- Task
Take the data below and copy exactly the lines starting at the one with "Pressure-cooker lamb in spicy tomato sauce" and finishing at the one with "512 Veloce Trail, Fort", both included.

--- Excerpted data Enclosed Below ---

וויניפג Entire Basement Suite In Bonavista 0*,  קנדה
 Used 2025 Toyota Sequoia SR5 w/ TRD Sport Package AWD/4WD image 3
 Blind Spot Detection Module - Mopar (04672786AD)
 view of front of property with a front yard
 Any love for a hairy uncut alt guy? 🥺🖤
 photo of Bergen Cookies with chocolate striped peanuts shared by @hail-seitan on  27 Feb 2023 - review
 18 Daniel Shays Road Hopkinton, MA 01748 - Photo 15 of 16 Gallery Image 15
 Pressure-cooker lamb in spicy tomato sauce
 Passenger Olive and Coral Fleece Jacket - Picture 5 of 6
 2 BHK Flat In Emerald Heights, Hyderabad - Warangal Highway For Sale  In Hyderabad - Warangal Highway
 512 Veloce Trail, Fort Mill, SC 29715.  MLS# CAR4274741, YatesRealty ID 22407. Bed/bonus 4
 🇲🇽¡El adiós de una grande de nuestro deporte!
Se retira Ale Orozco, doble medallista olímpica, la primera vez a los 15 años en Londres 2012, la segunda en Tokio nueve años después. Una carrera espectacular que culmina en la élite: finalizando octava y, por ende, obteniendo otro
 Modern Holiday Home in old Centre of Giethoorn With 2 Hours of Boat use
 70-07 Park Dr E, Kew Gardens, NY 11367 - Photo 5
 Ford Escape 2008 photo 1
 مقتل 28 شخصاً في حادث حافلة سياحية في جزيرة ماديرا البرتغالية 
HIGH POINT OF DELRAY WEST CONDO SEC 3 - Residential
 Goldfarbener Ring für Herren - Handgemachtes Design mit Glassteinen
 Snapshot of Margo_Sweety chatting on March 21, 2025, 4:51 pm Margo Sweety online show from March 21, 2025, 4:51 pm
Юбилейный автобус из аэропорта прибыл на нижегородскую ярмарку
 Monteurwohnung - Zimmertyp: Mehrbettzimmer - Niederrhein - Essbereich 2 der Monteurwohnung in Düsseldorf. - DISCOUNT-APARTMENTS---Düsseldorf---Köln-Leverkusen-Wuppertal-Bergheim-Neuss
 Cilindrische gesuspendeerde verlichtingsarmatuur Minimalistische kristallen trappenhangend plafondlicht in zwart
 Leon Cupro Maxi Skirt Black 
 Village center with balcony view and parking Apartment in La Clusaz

--- End of Enclosed Excerpted data ---

- Exercise response
 Pressure-cooker lamb in spicy tomato sauce
 Passenger Olive and Coral Fleece Jacket - Picture 5 of 6
 2 BHK Flat In Emerald Heights, Hyderabad - Warangal Highway For Sale  In Hyderabad - Warangal Highway
 512 Veloce Trail, Fort Mill, SC 29715.  MLS# CAR4274741, YatesRealty ID 22407. Bed/bonus 4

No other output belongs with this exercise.